The Act also stipulates that every worker be paid minimum wages fixed by the state for agricultural workers. This is where economics starts playing up - unseen and unheard. It works in two ways.

One, where market wages are higher than the minimum wage rate (or, even the wage rate fixed under the particular works programme), the demand for labour for NREGA projects is never met fully. But - and this is the fun part of economics - the converse also holds true.

In many cases, where the state has fixed a high minimum wage rate, which then acts as the floor in that localised market, other agricultural enterprises find it difficult to employ labourers at economical rates.

One can argue that providing minimum wages isn't such a bad thing. For one, it provides an administered floor - beyond which wage rates can't possibly fall - to minimise economic exploitation. But, where political compulsions and one-upmanship lead to rising wage rates, it could even affect the cropping pattern of that state and lead to shortages of certain crops.

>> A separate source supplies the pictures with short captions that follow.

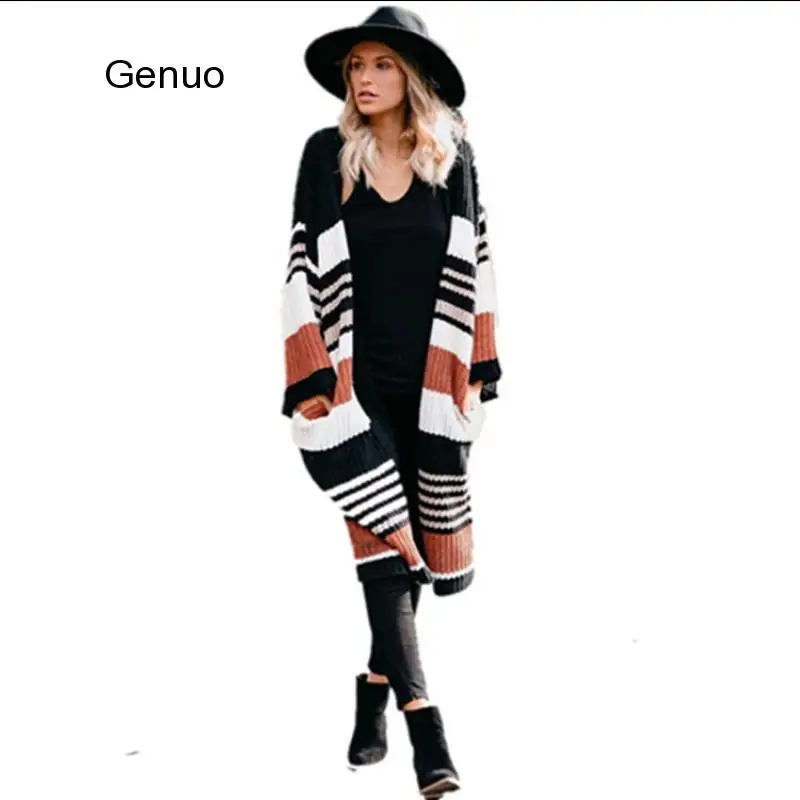 

2020 Women Sweater Cardigans Striped Color Block Draped Loose Cardigan Long Sleeve Casual Knit Sweater Coat Female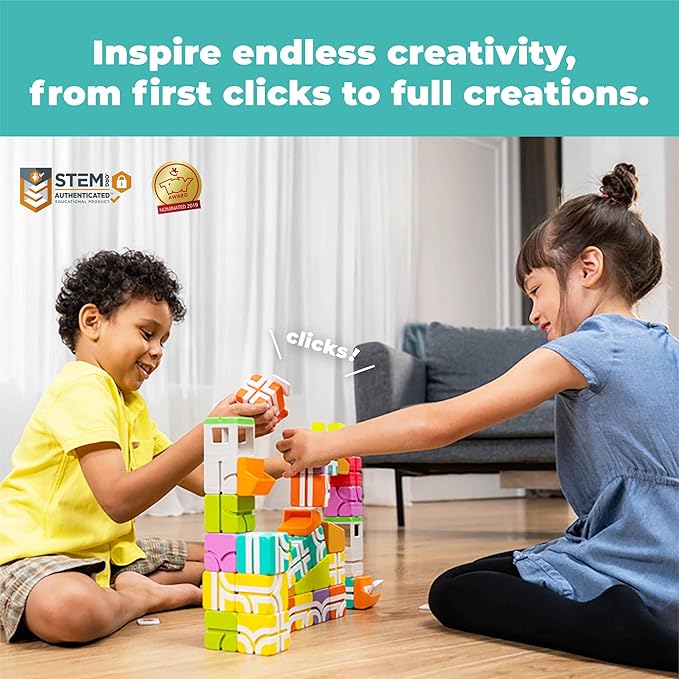 QBI Magnetic Blocks Play Starter Set|4-in-1 STEM Building Blocks with 4 Cars & 3D Track Tiles|Educational Sensory Magnet Toys|Preschool Montessori Toys for Kids Ages 3-5-8 Year Old Boys and Girls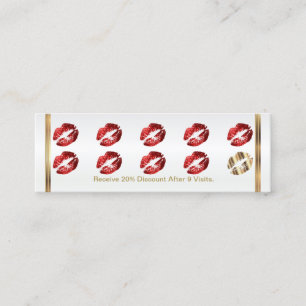 Loyalty Punch Card - Rote Glitzer Lippen Treuekarte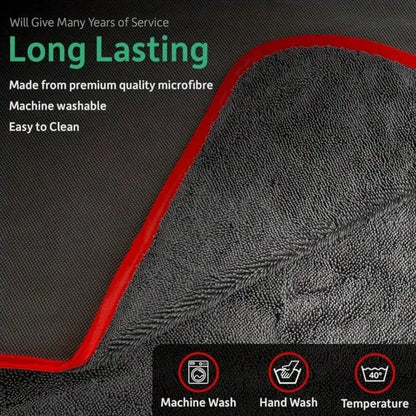 Ultra-Absorbent Microfiber Car Cleaning Cloth With Red Trim- Scratch-Resistant Paint Protection, Quick Drying Streak-Free Towel, Compact Roll-Up Design For Auto Detailing & Hygiene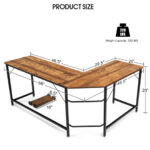 L Shaped Corner Desk with Spacious Workspace and CPU Stand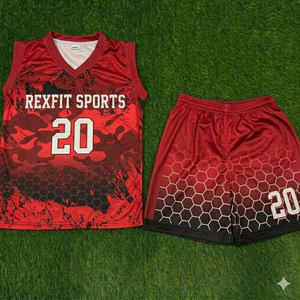 REXFIT SPORTS Conjunto de Camiseta y Pantalones Cortos Deportivos de Alta Calidad, Uniforme de Equipo Personalizado, Ropa de Entrenamiento Físico, Ligera y Transpirable - Product Image 1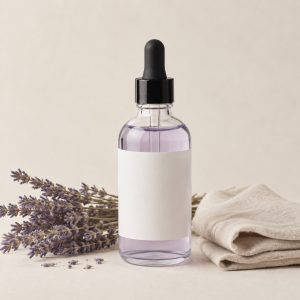 Flacone con contagocce di olio corpo alla lavanda e rametti di lavanda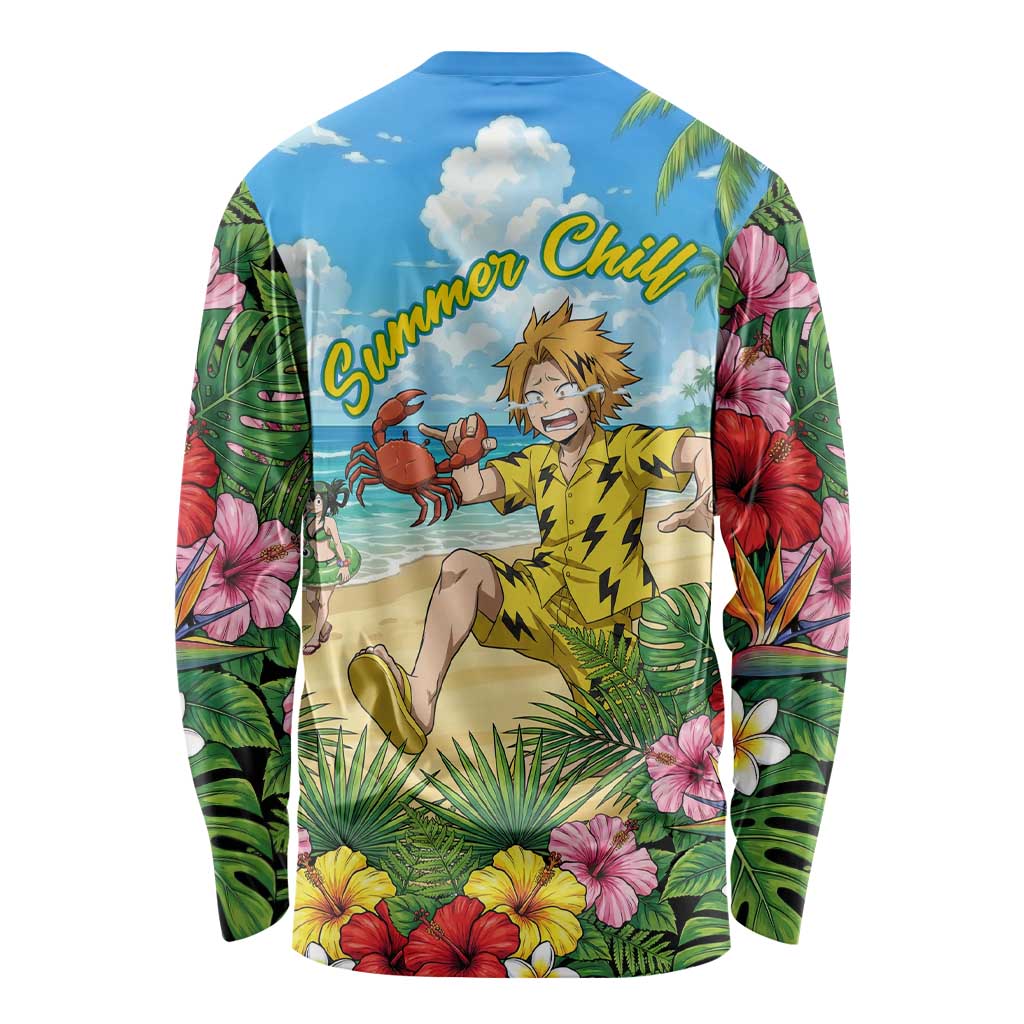 Denki Kaminari Summer Chill Long Sleeve Shirt Tropical Anime Comedy Scene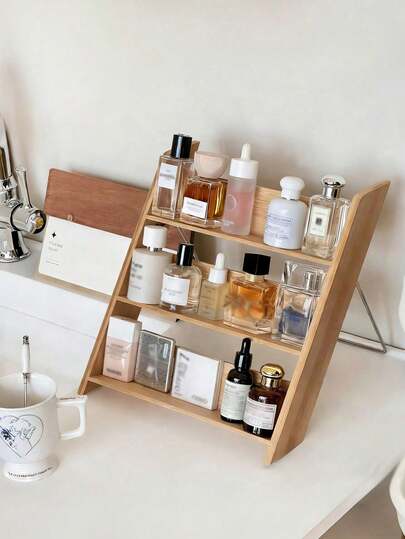 1 chiếc kệ đựng nước hoa và mỹ phẩm bằng gỗ kiểu Ins, kệ trang điểm bằng gỗ nguyên khối màu sáng, kệ trưng bày nhiều tầng, kệ đựng nước hoa và mỹ phẩm để bàn trang điểm, kệ đựng đồ gia dụng đa chức năng.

A recent report by Swiss bank Credit Suisse predicts that many farmers in western Uttar Pradesh are likely to replace their sugar crop with a rice-wheat crop. One of the reasons responsible for the crop-switch is the rural employment scheme.

The report says: "The government's national rural employment guarantee scheme (NREGA) has resulted in shortage of agricultural labourers in this region. Migration of labour from eastern UP and Bihar has slowed considerably as work is easily available under NREGA. The average daily labour cost has increased from Rs 50-60 per day to Rs 80-100 per day (NREGA daily wage is Rs100 per day in UP). Labour shortage and cost affect cane more than R-W (rice-wheat). For one, cane requires about 75-90 man days of labour per acre per year, while R-W requires about 60 man days per acre per year. Moreover, many jobs in R-W cultivation is readily mechanisable (harvester combines, threshers, etc, readily available for hire in the region), while cane is not amenable to mechanisation (due to lack of or high cost of machinery in the area or due to lack of technology)."

There is another government policy - ostensibly to insulate poor farmers from the vagaries of an unpredictable marketplace - that is also boomeranging on the people it's supposed to protect. Many years ago, the government introduced the minimum support price (MSP) to assure farmers of a reasonable price for their produce.

The government announces a price at the beginning of each crop cycle, thereby providing an artificial and administered floor price below which market prices can't fall. Sometimes, competitive politics forces the government to announce further price increases in mid-season.

Again, nothing arguable with this noble objective. But, as the report from Credit Suisse says: "Over the last four years, the increases in rice (+61%) and wheat procurement prices (+69%) have significantly outpaced the increase in cane prices (+31%)."

The end consequence of this shift in cropping pattern is already showing up in the inflation indices where, despite the downward pressure exerted by petro-products prices, inflationary pressures exist for food items. For instance, the category "sugar, khandsari and gur" has been showing a very high rate of price rise among all the food categories that are included in the inflation index.

But, that is not all. These same high procurement prices also result in food prices rising across all categories. Since the poorest - the NREGA target - have no access to the public distribution system (which is well documented), the high MSP for staple food items leaves daily-wage-earning rural poor with a lower disposable residual income for healthcare, clothing or any other contingency.

So, should NREGA doles be indexed to minimum wages or inflation rate, or even MSP? You can bet your bank passbook that there will be lots of research coming up on this, but what's going to be even more interesting is to see how the NREGA beneficiaries vote.